**Problem**
Reproduce the listing that follows character for character, excluding its pictures.

**Available data**

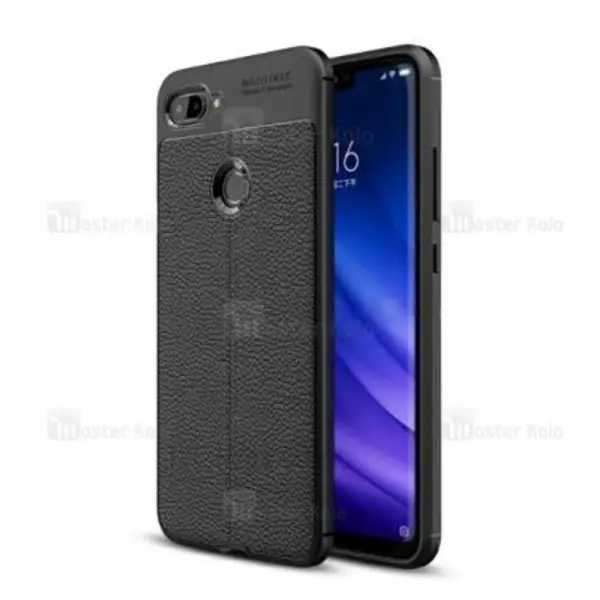 محافظ بدنه iFace می 8 لایت Auto Focus leather Case for Xiaomi Mi 8 Lite - 2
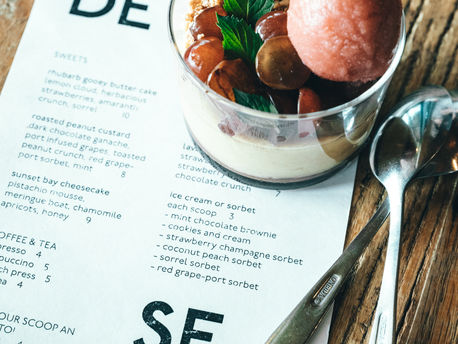 Optimizing Your Menu for Maximum Profits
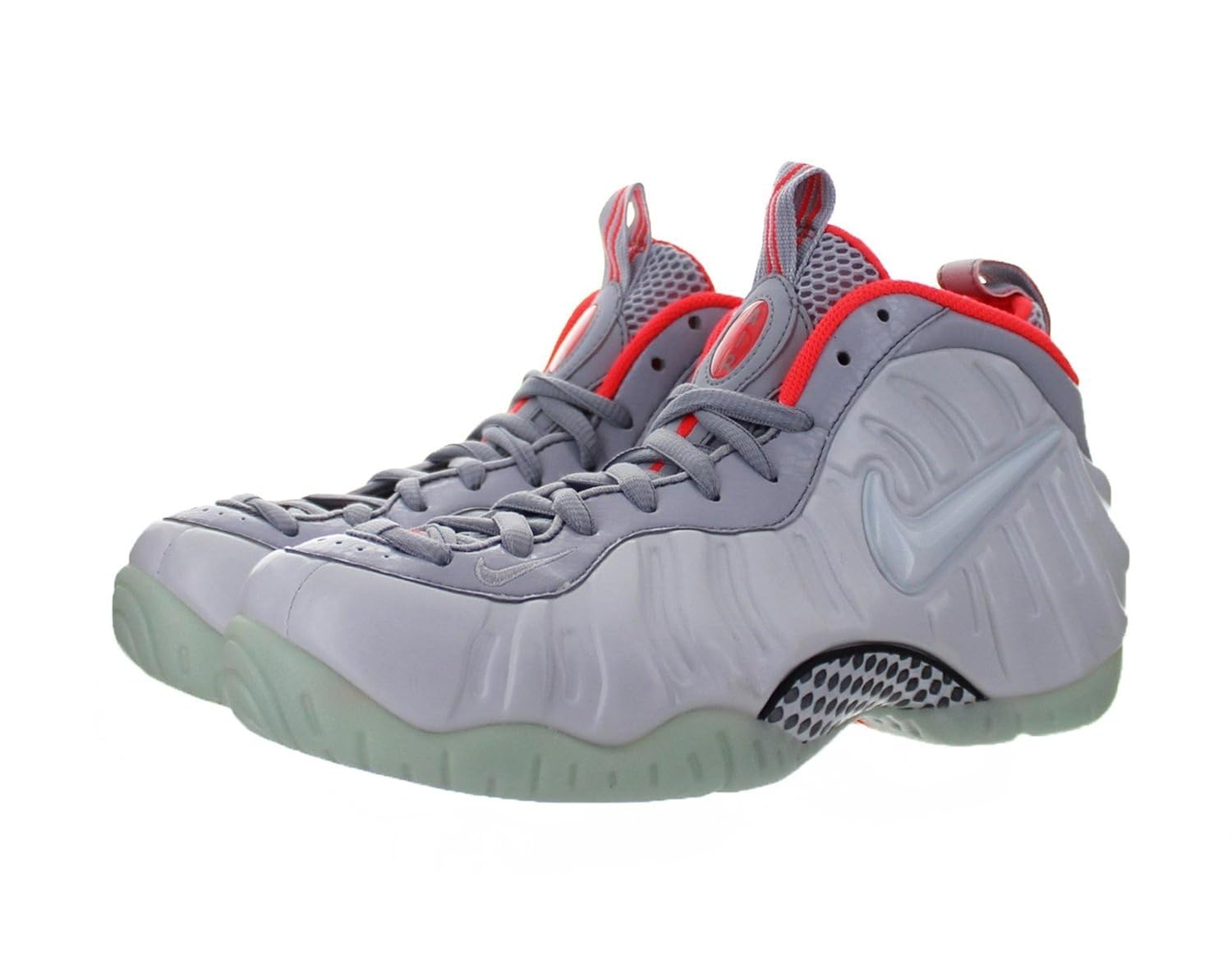 PreOwned Nike Air Foamposite Pro Electric Blue In Retro ...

**Solution**
 محافظ بدنه iFace می 8 لایت Auto Focus leather Case for Xiaomi Mi 8 Lite - 2
 Optimizing Your Menu for Maximum Profits
 PreOwned Nike Air Foamposite Pro Electric Blue In Retro ...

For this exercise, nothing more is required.